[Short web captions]
::::::::

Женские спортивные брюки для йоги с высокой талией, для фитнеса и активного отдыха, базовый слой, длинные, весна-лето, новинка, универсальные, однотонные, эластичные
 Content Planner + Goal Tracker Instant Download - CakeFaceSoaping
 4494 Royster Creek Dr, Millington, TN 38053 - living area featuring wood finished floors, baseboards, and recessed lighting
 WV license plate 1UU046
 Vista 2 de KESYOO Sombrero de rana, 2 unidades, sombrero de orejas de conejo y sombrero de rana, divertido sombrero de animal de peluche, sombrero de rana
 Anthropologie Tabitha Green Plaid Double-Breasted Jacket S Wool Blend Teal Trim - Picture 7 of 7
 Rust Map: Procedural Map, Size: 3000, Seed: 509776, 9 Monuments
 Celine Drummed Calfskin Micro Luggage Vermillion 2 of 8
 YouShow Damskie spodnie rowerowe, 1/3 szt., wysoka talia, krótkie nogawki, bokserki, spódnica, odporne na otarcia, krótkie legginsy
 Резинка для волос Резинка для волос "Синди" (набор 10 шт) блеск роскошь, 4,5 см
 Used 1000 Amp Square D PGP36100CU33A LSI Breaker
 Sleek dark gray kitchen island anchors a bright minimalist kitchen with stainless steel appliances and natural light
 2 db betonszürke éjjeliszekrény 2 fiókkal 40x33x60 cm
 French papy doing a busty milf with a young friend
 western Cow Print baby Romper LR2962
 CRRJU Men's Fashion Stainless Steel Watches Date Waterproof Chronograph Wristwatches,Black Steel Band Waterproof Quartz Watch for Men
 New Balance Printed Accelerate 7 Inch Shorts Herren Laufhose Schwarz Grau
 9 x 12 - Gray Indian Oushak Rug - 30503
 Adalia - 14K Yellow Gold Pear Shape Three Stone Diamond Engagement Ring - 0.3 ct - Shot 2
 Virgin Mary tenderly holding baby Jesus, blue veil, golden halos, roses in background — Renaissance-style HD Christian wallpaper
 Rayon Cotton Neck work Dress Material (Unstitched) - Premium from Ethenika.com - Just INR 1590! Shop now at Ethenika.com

::::::::

From the line that contains "Adalia - 14K" to the last line of the data, write out each line exactly and add nothing.

 Adalia - 14K Yellow Gold Pear Shape Three Stone Diamond Engagement Ring - 0.3 ct - Shot 2
 Virgin Mary tenderly holding baby Jesus, blue veil, golden halos, roses in background — Renaissance-style HD Christian wallpaper
 Rayon Cotton Neck work Dress Material (Unstitched) - Premium from Ethenika.com - Just INR 1590! Shop now at Ethenika.com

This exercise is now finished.